O machado de guerra não chega a ser enterrado. Às vezes, quando da história sobram humilhantes guerras que são o degredo de inomináveis atrocidades, proclama-se a reinvenção dos tempos. Um otimismo exacerbado, em contraponto com as plúmbeas nuvens que vinham de trás, é servido em cálices de fina porcelana. Não tarda a esmigalhar-se a porcelana, esmagada pelos dedos duros e pela verve empedernida dos homens que não sabem aceitar a diferença. O machado de guerra nunca teve funeral. É património genético da condição humana. Que haja peritos que nobilitam a “arte” da guerra e que se entretenham a congeminar “teatros” de guerra, manipulando a carne para canhão que são os peões servidos num banho de sangue, é o espelho da má têmpera de uma humanidade desmembrada em seus fracos instintos. (E um insulto a palavras tão nobres como “arte” e “teatro”.)
As imagens que mostram Kiev em trincheiras. As imagens de gente baleada por snipers traiçoeiros. As imagens dos diplomatas que pesam todas as palavras para não ferir suscetibilidades. As imagens dos polícias e do exército, armados até aos dentes, não hesitando na violência gratuita. E as imagens dos barricados que também decaíram na violência pela violência, numa espiral que – teme-se – possa ter um fim muito adiado. É toda uma vergonha que um desenganado dos pergaminhos da humanidade não cessa de sentir.

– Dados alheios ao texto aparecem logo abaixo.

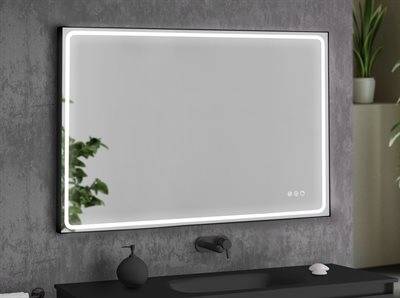 Mia-3 spejl med antidug, lysstyring & matsort ramme 120x80 cm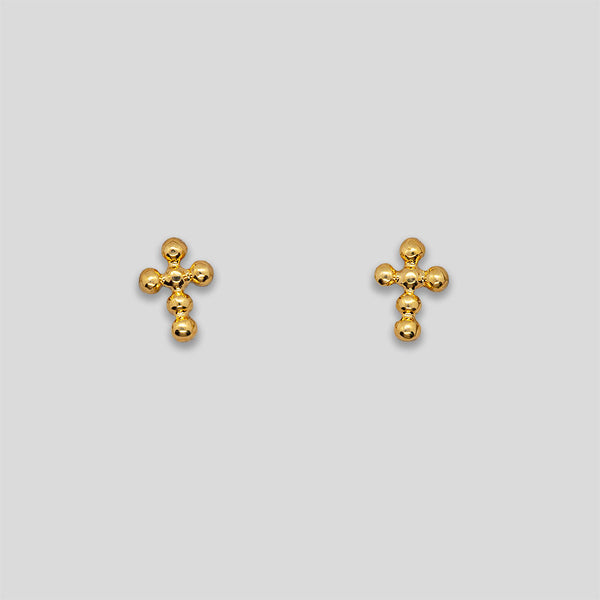 Coo Coo: Coo Coo: Mini Cross Ball Studs - Gold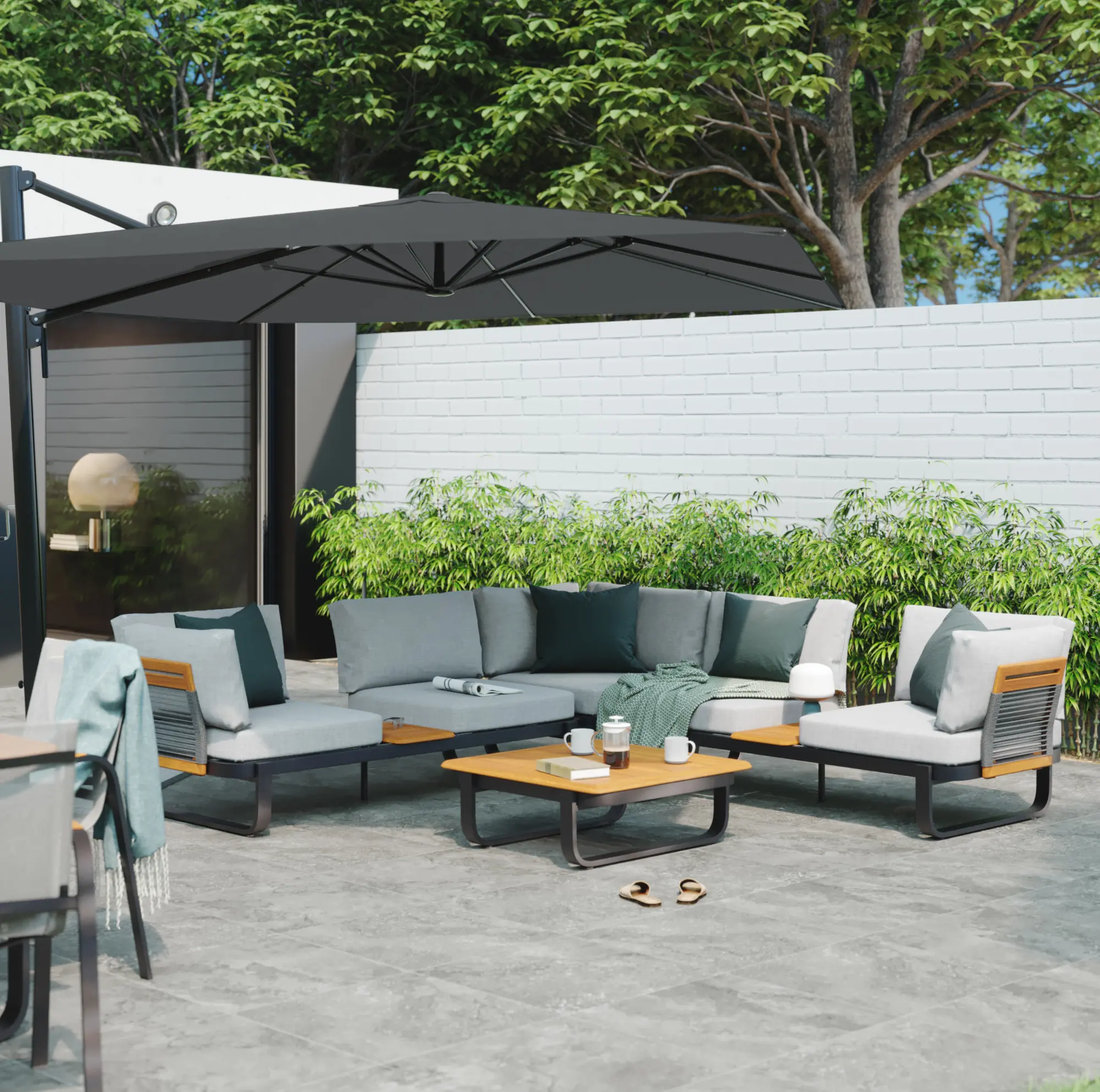 Зонт от солнца Naterial Sombra 298cm (Light Gray) - 8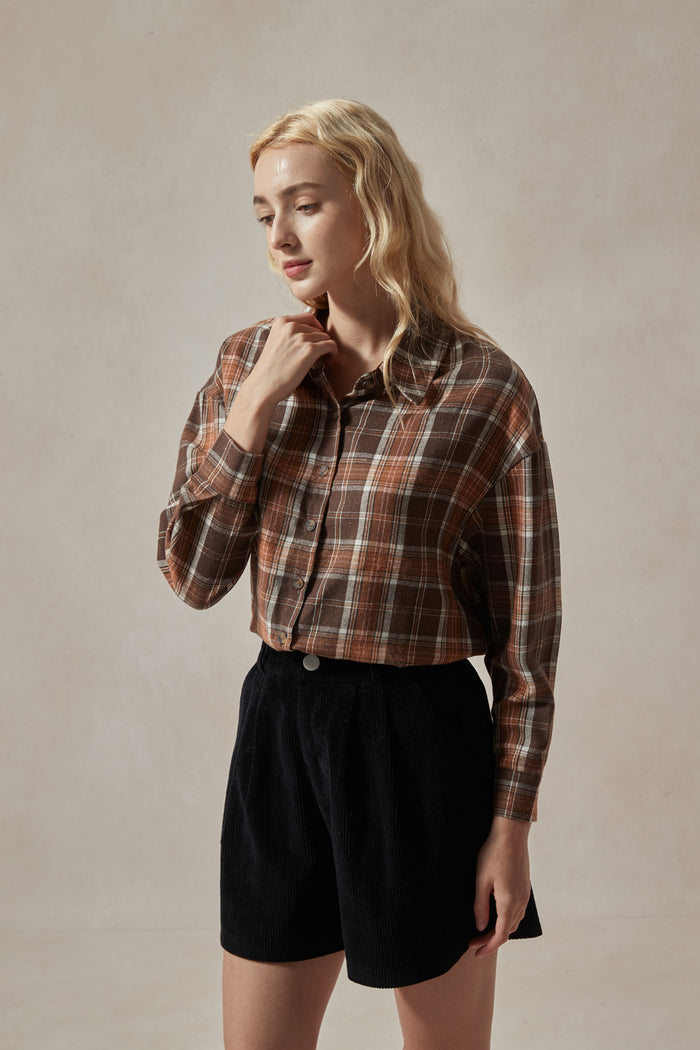 Orange and Brown Plaid Shirt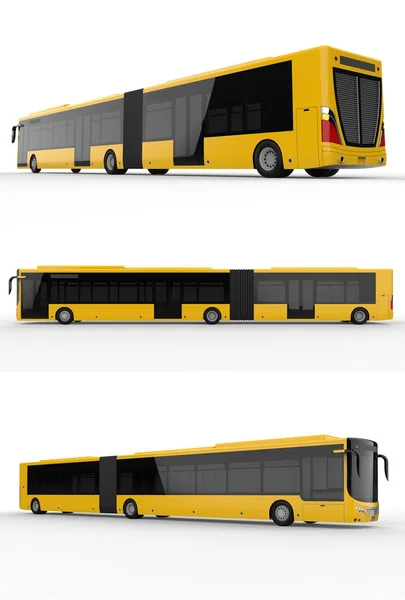 ラッシュ時や人の輸送中に人口密集地域で大きい乗客容量のための追加の細長い部分で大規模な都市バスを設定します イメージおよび銘刻文字を配置するためのモデルのテンプレートです レンダリング — ストック写真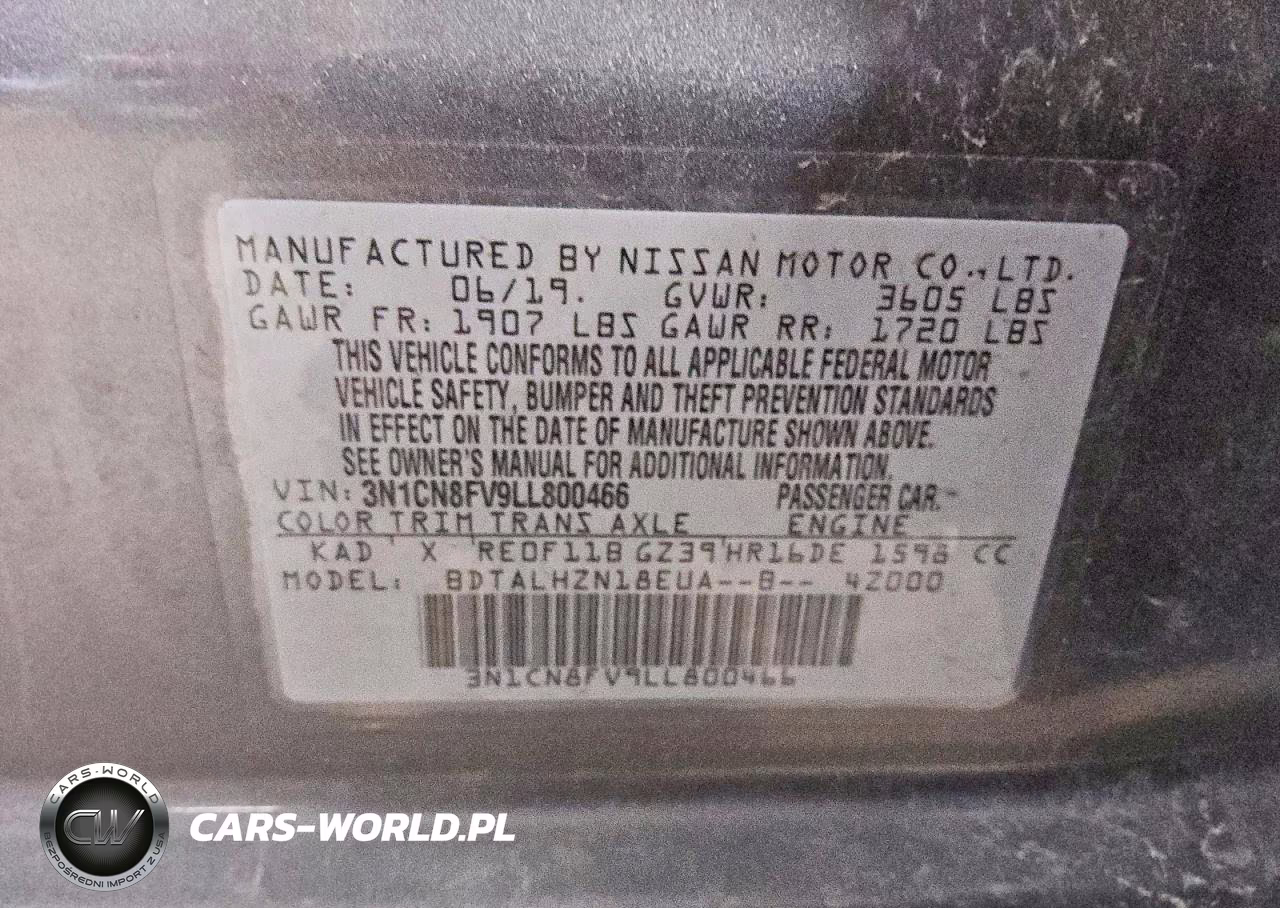 2020 Nissan Versa Sr VIN:3N1CN8FV9LL800466 - 12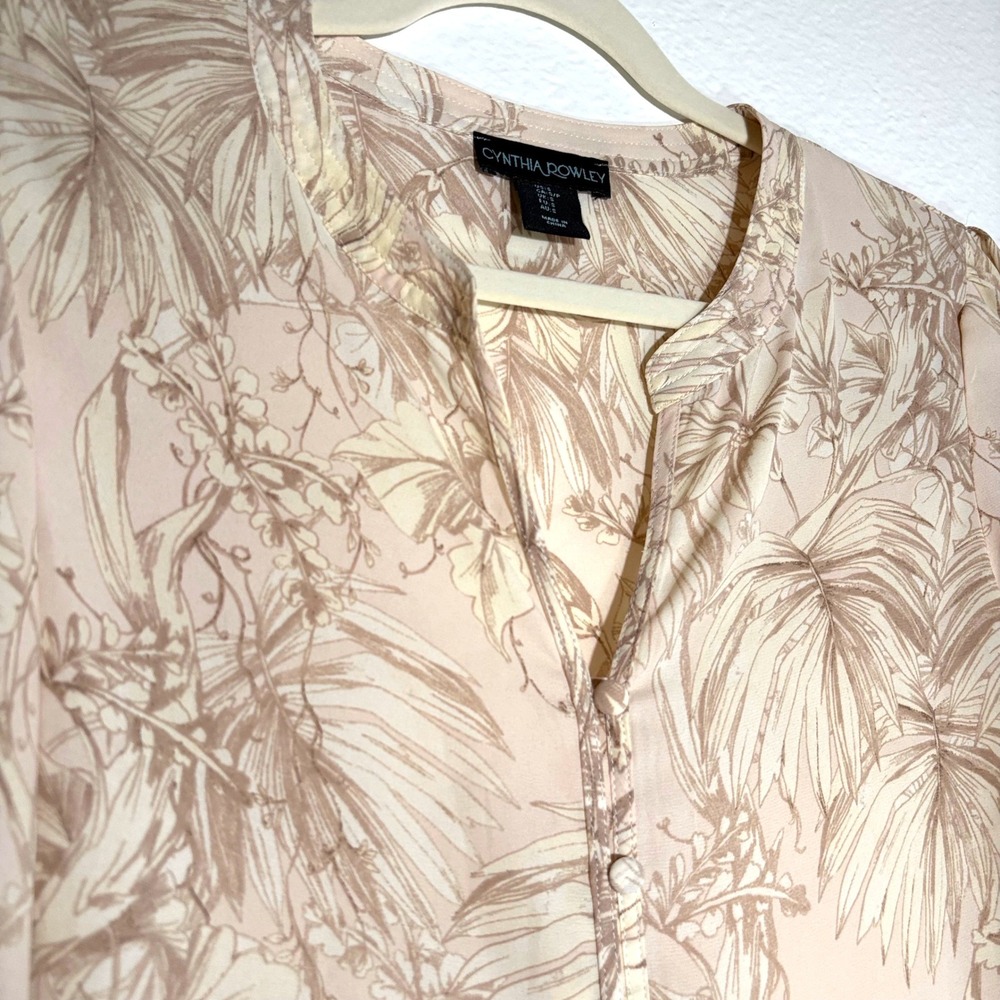 Cynthia Rowley S Botanical Print Button Front Sheer Blouse Womens - Picture 5 of 13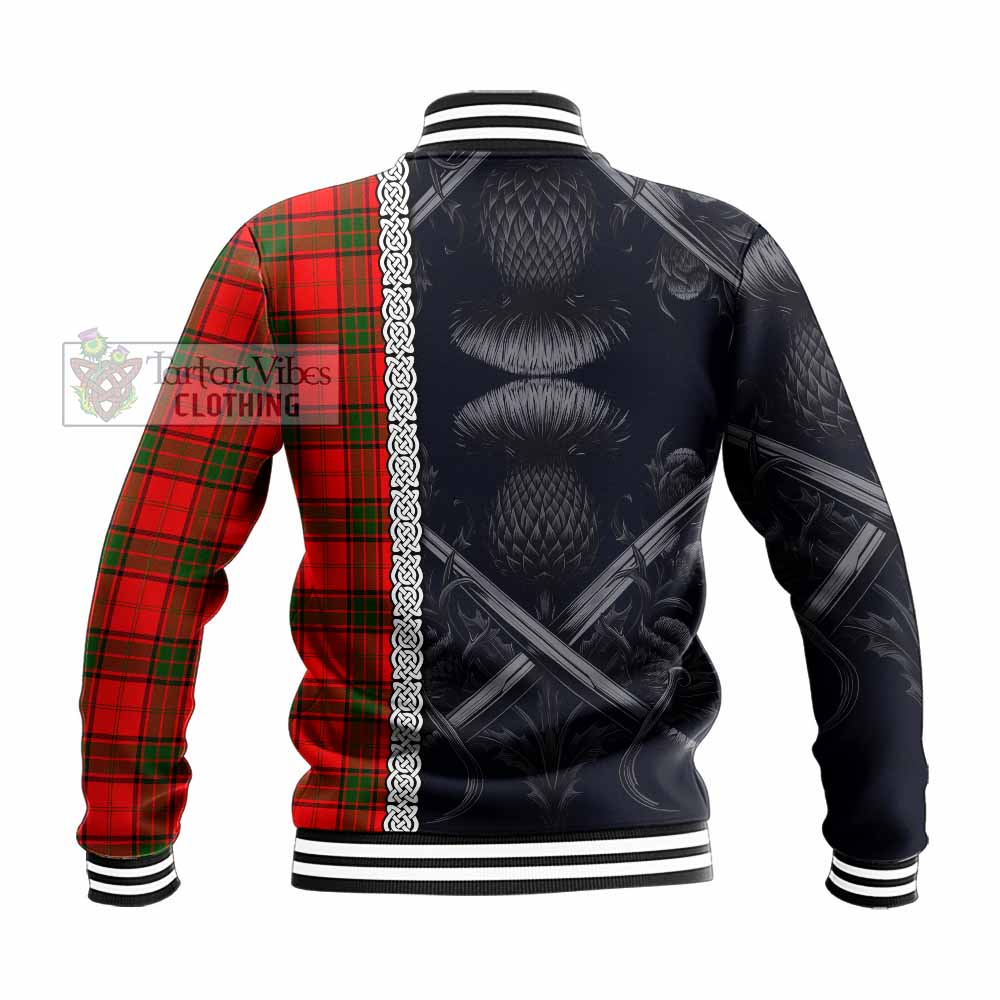 Tartan Vibes Clothing Adair Tartan Baseball Jacket with Family Crest Cross Sword Thistle Celtic Vibes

Pode a idade acumular-se nas folhas do calendário. Podem as guerras ir e vir com o tempo. E muito sangue de inocentes ser derramado. Não sei aprender esta lógica autista, esta linguagem violenta, o depreciar da vida humana. Não sei desaprender esta ingenuidade que, todavia, já me ensinou que não há pessimismo antropológico que ganhe espessura. Não é pessimismo. É o que existe. Uma humanidade com atração pelo abismo da autofagia.